The third reason for redilatation (two patients; 25% of the procedures) was to overcome progressive external obstruction. In one case the patient was an adult with right ventricle to pulmonary artery homograft; in the other, the patient was a neonate who had suffered interventional perforation of a long segment pulmonary atresia. In these two cases stent implantation was performed as a palliative procedure to decrease the number of operations required.

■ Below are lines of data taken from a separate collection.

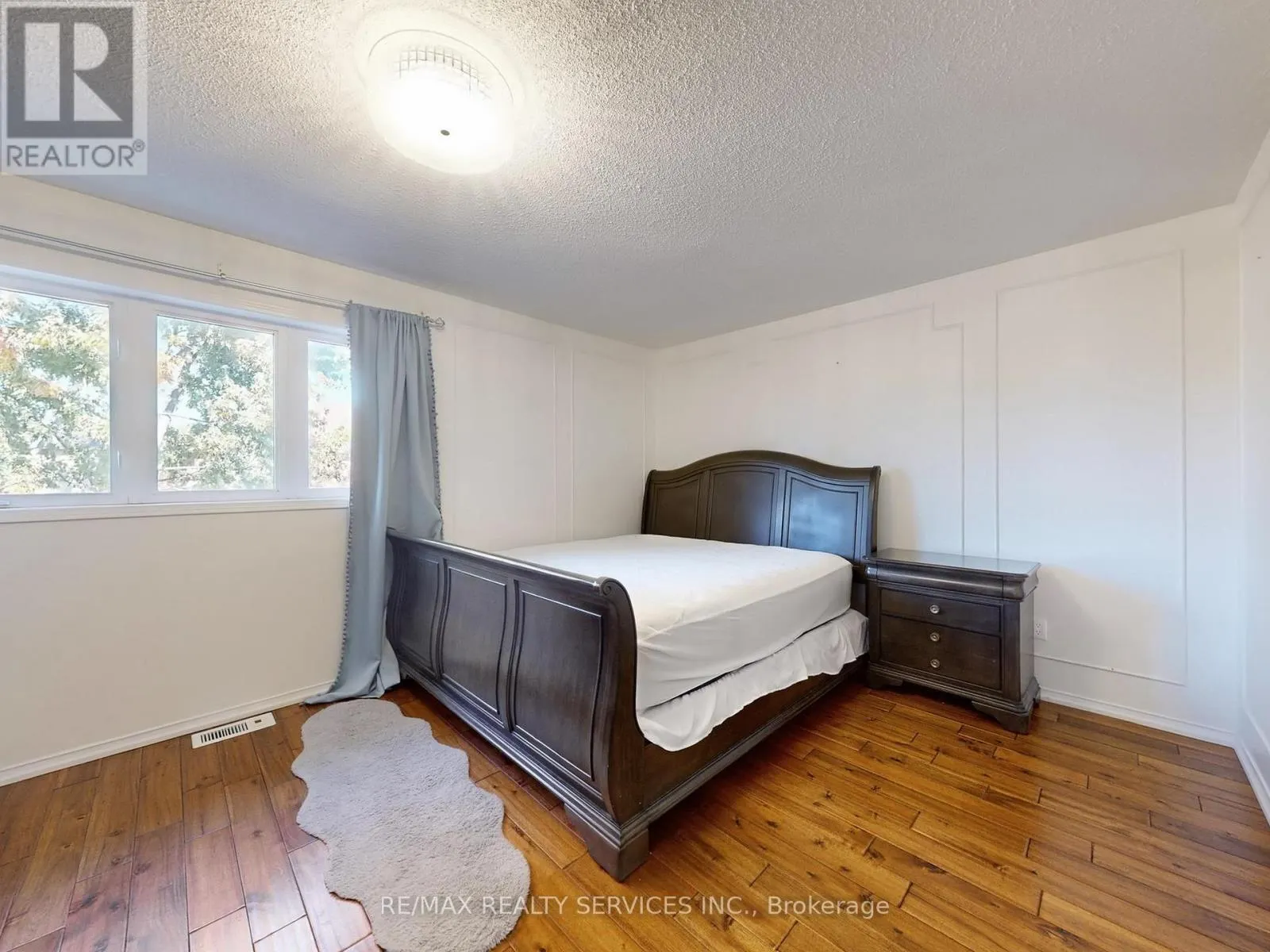 MAIN & 2ND FLOOR - 3231 APRICOT STREET S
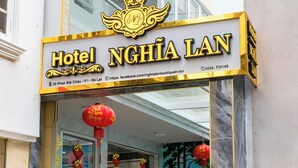 Mặt tiền nơi lưu trú
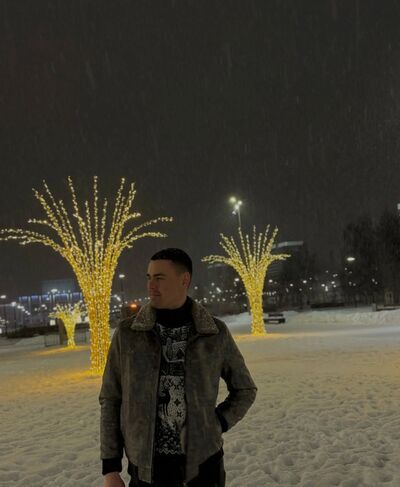  ,   Nikita, 25 ,   ,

The time to reintervention for external compression was considerably shorter (at 4.6 months) than the time to reintervention for other reasons, as restenoses because of external compression occurred relatively quickly. The balloon used for repeat intervention was the same size as that used for the initial implantation. In the adult patient, deployment of two additional stents was necessary to overcome rigid obstructive tissue, as described previously by Powell and colleagues.8 The lifetime of multiple stented conduits is unpredictable and further stent implantation may become necessary. In future new stent technology with increased radial strength might lessen the problem of restenosis caused by external compression.
Invasive follow up investigations on implanted stents in paediatric patients with pulmonary artery stenoses should be performed on a regular basis. Restenoses caused by intimal hyperplasia, growth of the patient, or external compression can be treated by repeat dilatation or repeat stent implantation.
Repeat dilatation or repeat stent implantation is feasible, safe, and effective with balloon expandable stents. More aggressive repeat dilatation to adapt the stent to expected future somatic growth—irrespective of possible intimal hyperplasia—may also promote growth in the vessel distal to the stent by increasing the blood flow in the vessel. In patients with stent obstruction caused by external compression, multiple stent implantations can be undertaken to overcome the external compressive forces. Further clinical experience and follow up will be required to determine the long term or lifetime benefits of stent implantation in the paediatric population.
We thank Dr Neil Wilson for his kind help in preparing this paper.